Diese will ich nicht beleidigen, denn ich nehme zu ihren Gunsten an, dass sie sich für GESCHICHTE interessieren, wo dann, aufgehängt an den Lebensläufen ihrer Vorfahren, die Handelsschifffahrt, die Auswandererwellen im 19. Jahrhundert, etc. eine neue Farbigkeit und Präsenz bekommen - weil eben ein Ur-Ur-Ur-Ahne mit dabei war.
Aber für sich selbst, ihre ganz individuelle Biografie können sie wohl kaum einen Erkenntnisgewinn verbuchen?
Den gibt es doch nur, wenn man sich mit den Lebensgeschichten derer beschäftigt, die einen geprägt haben und die man nun auch von einer anderen Seite kennen lernt, und entweder besser versteht oder erschrocken neu bewerten muss, wie die allerliebste Großtante, die immer so eifrig Judenbesitz ersteigert hatte o.ä.
Deshalb interessiere ich mich noch für meinen Großvater, Roter ohne Courage, uneheliches Kind, zum Automechaniker ausgebildet dank der Förderung eines engagierten Lehrers.
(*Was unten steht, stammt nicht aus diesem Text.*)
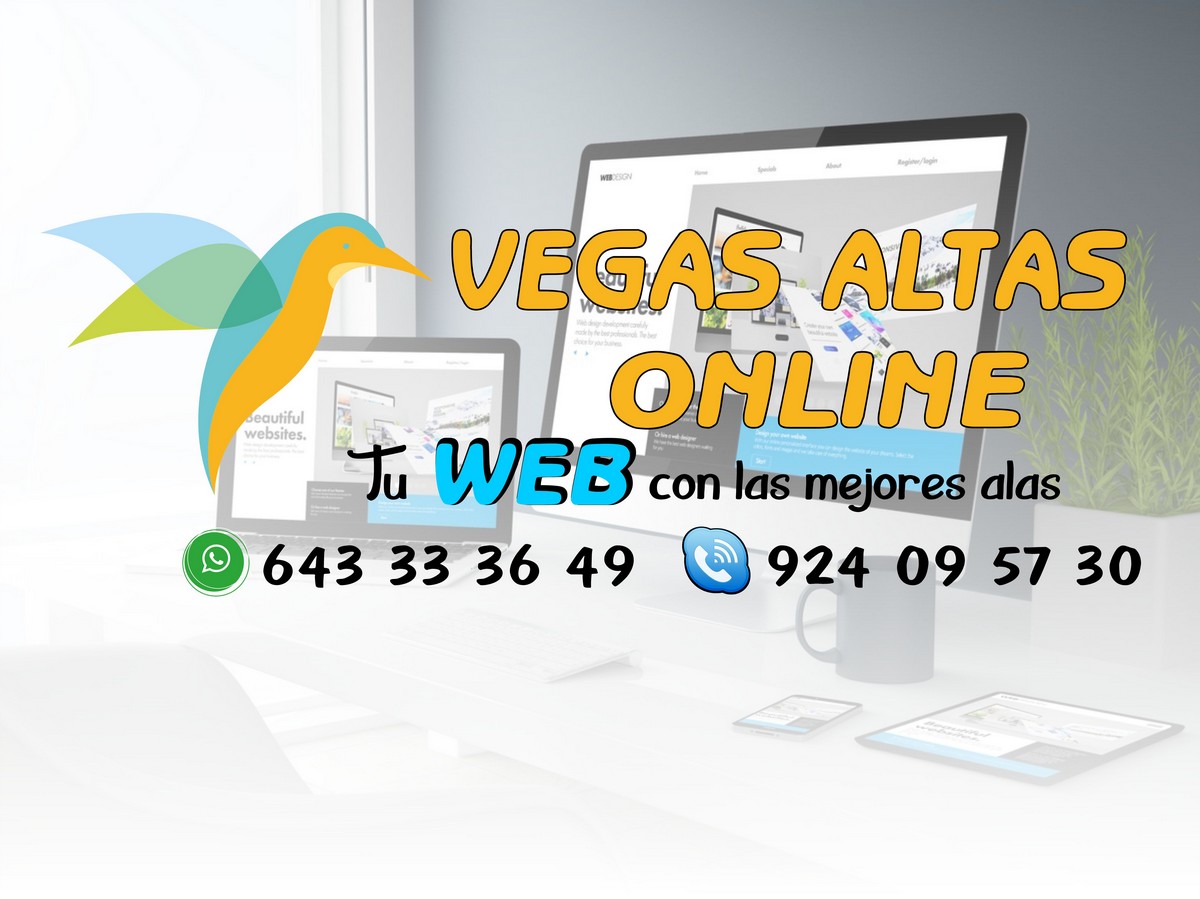 Vegas Altas Online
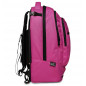 INVICTA New Plug Plain TROLLEY Backpack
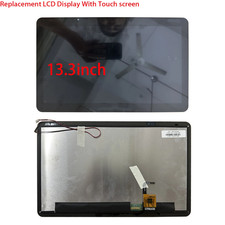 Replacement New OEM LCD Display With Touch panel For MATCO MAXIMUS 4.0 TOOLS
Oder für die Biografie meiner Großmutter, die auch nach 1945 immer ängstlich darauf bedacht war, gefährliche Äußerungen ihres Ehemannes zu unterbinden, siebtes von 12 Bauernkindern, ohne Ausbildung, obwohl der Lehrer es für das begabte Mädchen empfohlen hatte.
Großvaters Vater, der reiche Bauernsohn, der die Magd schwängerte, aber dann auf Druck der Verwandtschaft die reiche Erbin heiratete, ist ein Stoff für ein schwerblütiges Sozialdrama, ebenso wie die Geschichte vom Vater meiner Großmutter, der seinen großen Hof innerhalb von zehn Jahren versoffen hat. Das hat zwar das Leben meiner Großeltern geprägt, aber die Bedeutung für mein Selbstverständnis ist nur noch gering, Tendenz weiter abnehmend von Generation zu Generation.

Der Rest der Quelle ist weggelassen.